National health security is defined as the state of existence in which the nation and its people are prepared for, protected from, and resilient in the face of catastrophe and related health consequences. Local health departments play a key role in achieving national health security. Dr. Steven Englender, director of the Center for Public Health Preparedness in Cincinnati, provides insight on what it’s like to prepare for the worst, while at the same time hoping for the best.
HealthScene Ohio: Can you list the different types of public health emergencies and provide a brief description of them?
Dr. Steven Englender: Public health is involved in a variety of types of disaster response it goes beyond our visual role of ensuring and providing immunizations, healthy moms/well baby, stuff like that, and beyond the usual recordable diseases. Outbreaks and even worse, epidemics and pandemics, are obviously public health emergencies currently. Ohio is one of the many states engaged in responding to hepatitis A, but when we’re talking about preparedness activity, we’re really talking about all hazards and disasters. Those can be both natural and man-made. Natural ones can include things like extreme weather, whether that’s drought and heat, ice storms and cold, hurricanes, and what’s going on with the East Coast now.
Man-made disasters can come in a variety of forms too. Simply the world that we live in poses dangers from all sorts of things that we create. In terms of disaster preparedness, you often hear the term CBRNE, which is Chemical Biological Radiation Nuclear and Explosives. These are categories of things that are, generally speaking, man-made. I think if you look at Hawaii with volcanic activity, that’s a natural catastrophe, at least if its localized. But one of the things that clearly defines disaster versus single event, public health gets engaged with mass causalities. That might be a disastrous event, but that’s not the type of thing that we plan for in ways to mitigate effects on population before these things occur.

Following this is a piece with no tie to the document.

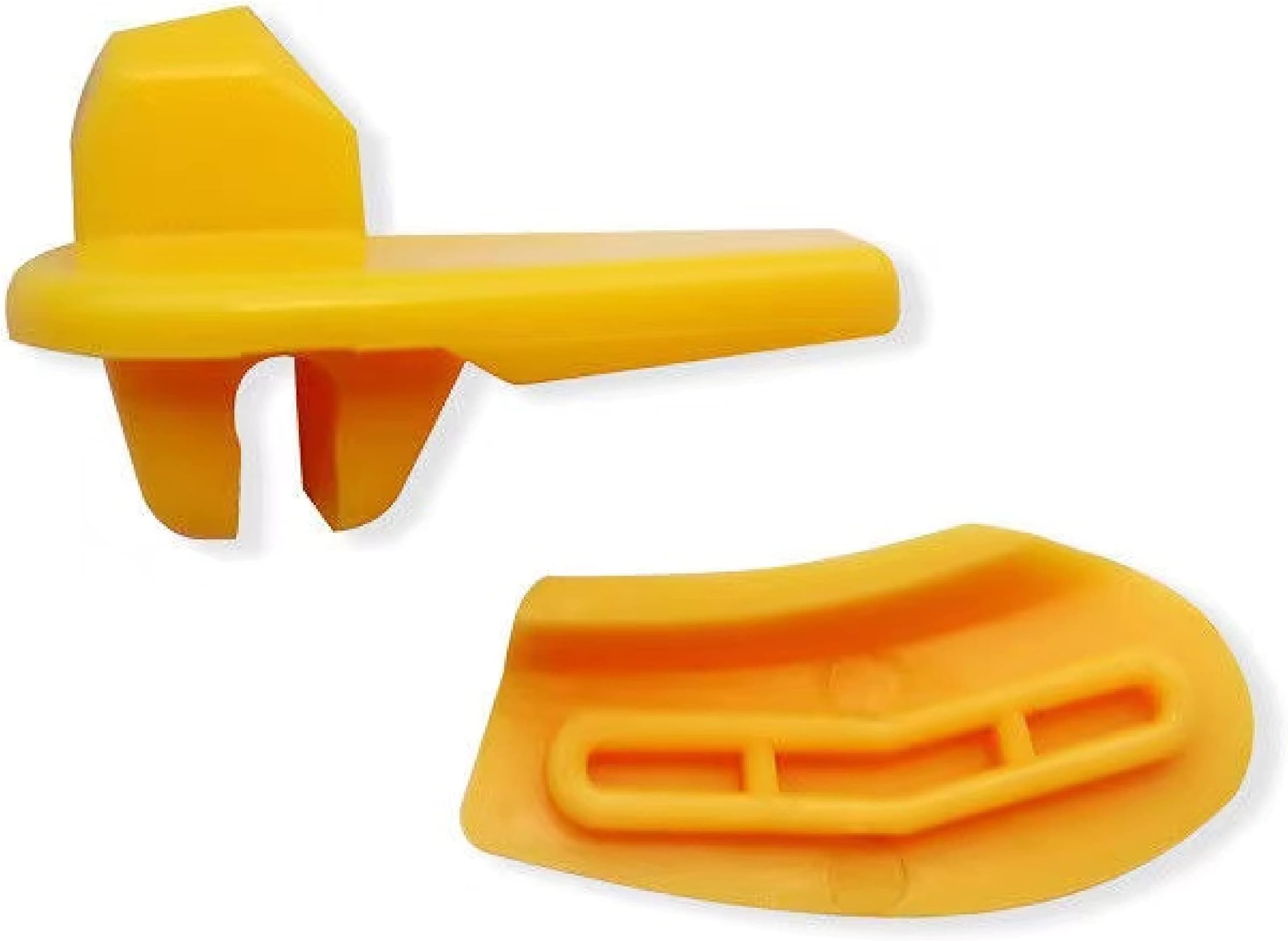 Tire Changer Plastic Insert, Tire Machine Guard, Wheel Rim Edge Protector for Mount Duck Head, Nylon Tyre Demount Fitting Head Part, 6 Front (Upper) + 6 Rear (Lower) Insert Kit / Pack, 1 Pack, 16YKN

If there’s a chemical release from a rail car incident, public health’s role in that, as opposed to emergency management and hazardous materials, our role would be to monitor the population that may be exposed and provide the risk guidance, assist with the decision-making for the types of things that we can do to avoid ill effects – and that is either shelter-in-place or evacuating.
Before nuclear, I think we can all remember Chernobyl, no such disaster ever occurred again. That was obviously not a terrorist attack, but concerns are high from homeland security about both dirty bombs, radiation dispersal devices, as well as small scale nuclear.
The likelihood of that is not public health’s role but being prepared, we’re there in the event where radiation monitoring of a population is needed.
Explosives, obviously, this is something the world has been dealing with. It doesn’t fall to public health to prevent that, but to ensure with our partners, at least in most U.S. plans and terminology, our partners in health care as part of emergency support function at least. Which is public health’s meta-goal, that the systems work to get help to those based on the degree of injury and the potential injury. That’s much like any other mass casualty, where public health itself is more of a supporting role, but we do have a role to play.
HSO: What are some recent public health emergencies that have occurred in Ohio?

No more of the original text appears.